This article just begged for a commentary: Scraping By On $500,000 A Year: Why It’s So Hard For High Income Earners To Escape The Rat Race.
Bask in the glorious title of this piece, and distill it down to its essentials: how to earn half a million a year and still be broke. Now, the author himself is not complaining about the situation, per se. Rather, he is merely documenting how it happens. But the collected financial ignorance in this piece is staggering to contemplate.
Look at the balance sheet:
Let’s point out some obvious ones, shall we? If you make half a million a year, why do you have car payments to the tune of $10,000/year? If you’re complaining about not saving, not feeling “above average” why are you taking $18,000 worth of vacations every year? If your earnings are $500,000/year, what are you doing buying a $1.5 million home? $18,000 to the college alumni? What? And $32,000/yearly in student loan debt (this presumes near to $300k balance)? That’s nuts.
But let’s imagine someone is in this pickle. What do you do to get out of the rat race?
Easy. Sell the home, if you’ve some decent equity (the scenario above presumes $300k equity). Roll down to a cheaper place, rent for a while.

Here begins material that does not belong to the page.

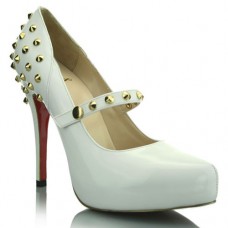 Pantofi Christian Louboutin Mad 120mm Mary Jane, albi Pantofi Christian Louboutin Mad 120mm Mary Jane, albi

Yes, if this is New York, that means Manhattan is off the table. Too bad. Roll the equity straight into the student loans. Now, no more student loans. $32k yearly savings. Stop taking the vacations for a couple years. $18k savings. Pay off the cars, or drive cheaper cars. $10k/savings. Kill donations to the alumni until you’re in a better situation. $18k/savings. That’s +$78k/year straight into the bank, plus whatever this family saved by dropping down a bit in their home (let’s give them 1/3 savings of $20k yearly). Take some smaller slices off of food spending and other smaller stuff, and this family is then easily banking over $100,000 per year.
Do that for around 10 years, and they have over $1 million in the bank, plus accumulated retirement savings. They can move to any less-expensive part of the country, buy a mansion in cash, continue to practice law (at, perhaps, a slightly lower pay scale) and live like kings.
This is one reason why I don’t trust a lot of these so-called experts, because they are so incredibly stupid in very basic life matters. What I posted above is not rocket science, it is not something beyond the reach of a man with pretty average intelligence and education.
Why, then, are so many highly-paid people so financially illiterate?
It boggles the mind. There was a time in my 20s when I was relatively stupid with money. I say relatively because, I think, even at my worst I was less stupid than most. But for a time, I had car payments, and occasionally carried modest credit card balances (never do this, by the way, but it was at least less than $1,500), and I got myself into a mortgage when I shouldn’t have, which ended rather badly due in part to Florida’s ongoing insurance nightmares.
Eventually, I realized all of this was stupid. I got rid of the bad house, sold the nice car and bought a shitbox for a while, paid off all credit card debt, partly by selling off some valuables, and then started working on the one remaining mortgage (the one that didn’t have a flood insurance nightmare chasing after it).
In the meantime, I took a daytime contracting job in addition to my consulting business and my DJ business. I effectively work 2 1/2 jobs these days. I’ve taken exactly one vacation in my entire adult life, and that was on the cheap. My wife’s family had accumulated a boatload of airline miles, and we cashed them in for a free trip to Germany, where my wife had a number of friends we were able to stay with for a little over a week. The whole thing, for both of us, cost less than $2,500.
Don’t get me wrong, I don’t live entirely spartan either. Eventually the shitbox I kept for a few years, while I was paying down debt, became rather unserviceable. That was okay. For a $4,000 crappy car, it gave me three years of life. And I still got $2,500 when I sold the thing. For $500/year, I could get to where I needed to go. Once in a better situation, I allowed myself the modest luxury of a newer Ford Mustang with the 5.0 V8 motor in it. Still an inexpensive vehicle compared to what most folks in my line of work are driving around. But fun.
Have fun and enjoy luxuries now and then. But don’t live beyond your means. I have the title to that Mustang. No payments. No interest. No loans.
In a few years, the last remaining mortgage will be paid off, if things hold true a little longer. And then I can probably relax a little, and go back to working two sources of income, instead of three.
I’m no special genius or anything. It’s not really hard to do. It’s very basic math, and a little bit of self control, nothing more. And it’s really disturbing that so many folks have neither.
Here is some wisdom:
This is the goal: a position of “fuck you.”
If you make half a million dollars a year, this position is absurdly easy to achieve. If you’re like the rest of us working stiffs, it’s not as easy, but with some self discipline and working some multiple streams of income, you can still make it happen. And believe me, every bit of debt that you shed feels better than anything you could buy with that money. Your nice new car? It doesn’t feel as good as not having the payments.
Trust me on that. I’ve been in both places.